The Mass was the first of what will be an annual event organized by the newly-formed Archdiocesan Committee for Racial Equity and Justice. Archbishop Samuel J. Aquila celebrated the Mass for an ethnically diverse congregation, who were all united in prayer for a common reason.
The celebration fell on the feast day of St. Martin de Porres, the patron saint of mixed-race people and racial harmony; a fitting patron for a world sadly marred by racial unrest and division, as exemplified during last year’s riots in the wake of George Floyd’s tragic death and other similar incidents that have occurred.
Archbishop Aquila’s stirring homily focused on the first two commandments — to love the Lord with all your heart, mind and soul, and to love your neighbor as yourself — and how the rest of the 10 Commandment can be summed up in these two commandments, in which we are called to live the virtue of charity.
“How then does that speak to us today, and especially in the context of this liturgy, in terms of healing and reconciliation with the African-American community?” the archbishop exhorted. “How do we live the love of God and the love of neighbor out as Christians? We must examine that within ourselves first. The question that we must ask ourselves is, “who truly forms my heart and my mind?” What is the lens or the view that I look through the world out? Is it the lens of the love of God and the love of neighbor? Or is it the lens of the world or of some ideology, some political party … Who is the one who truly forms me?”
The Church proclaims belief in Jesus Christ at each Mass during the Nicene Creed, and during the Our Father, we claim to seek the will of the Father, the archbishop said. But has the Church truly allowed Christ to form the hearts, minds and wills of her people? In not doing so, “racism comes about, bitterness and resentment comes about, seeing others as less. We fail to see people through the lens of God,” Archbishop Aquila said. In turn, our minds and hearts are often formed by external, worldly influences rather than Christ.

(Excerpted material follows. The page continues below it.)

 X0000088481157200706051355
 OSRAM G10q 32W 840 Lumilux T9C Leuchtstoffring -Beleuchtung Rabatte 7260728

‘We have allowed ourselves to be formed too often by the world or by a political party or by an ideology, and not by Jesus Christ,” Archbishop Aquila submitted. “We have given only lip service to Jesus Christ in the gospel. Because if we truly believed, our world would be a much different place. There would be no racism, there would be no abortion. There would be no hoarding of wealth. That is why Jesus is so clear in the gospel, that the love of God must come first. Because when we do not obey God, it leads to catastrophe.”
As such, it is imperative that Christians seek the will of God first and foremost and ask for the grace to see his people as he sees them, especially when it comes to love of neighbor, Archbishop Aquila urged..
“We must be those who live the gospel and open our hearts to Jesus Christ and ask him, “Lord, form my heart and mind. Father, help me to see the world through your lens and your eyes, and not that of the world. Help me to love my neighbor as myself and follow the second commandment. Whether that neighbor is black, or yellow or white or brown, whatever the nationality is, whether that neighbor is the unborn child in the womb. Let me love Lord, as you love. Open my heart to that,’” Archbishop Aquila said. “And it may mean that I have to repent. It may mean seeing where I have embraced an ideology, rather than living the gospel.”
Returning to the first two commandments, Archbishop Aquila encouraged those present in the congregation to reflect upon each of them and ask the questions: “Do I truly believe in them? And do I truly live them? And do I love others with the love of Jesus? No matter what color their skin. And do I, as Martin De Porres did, as Mother Teresa of Calcutta did, see in every human being, no matter what their condition, do I see the face of Jesus? And do I treat others with that love?
“Pray for the courage,” the archbishop concluded, “to follow the two great commandments and to be faithful to the gospel, and seeing in every human being, regardless of the color of their skin, the face of Jesus Christ.”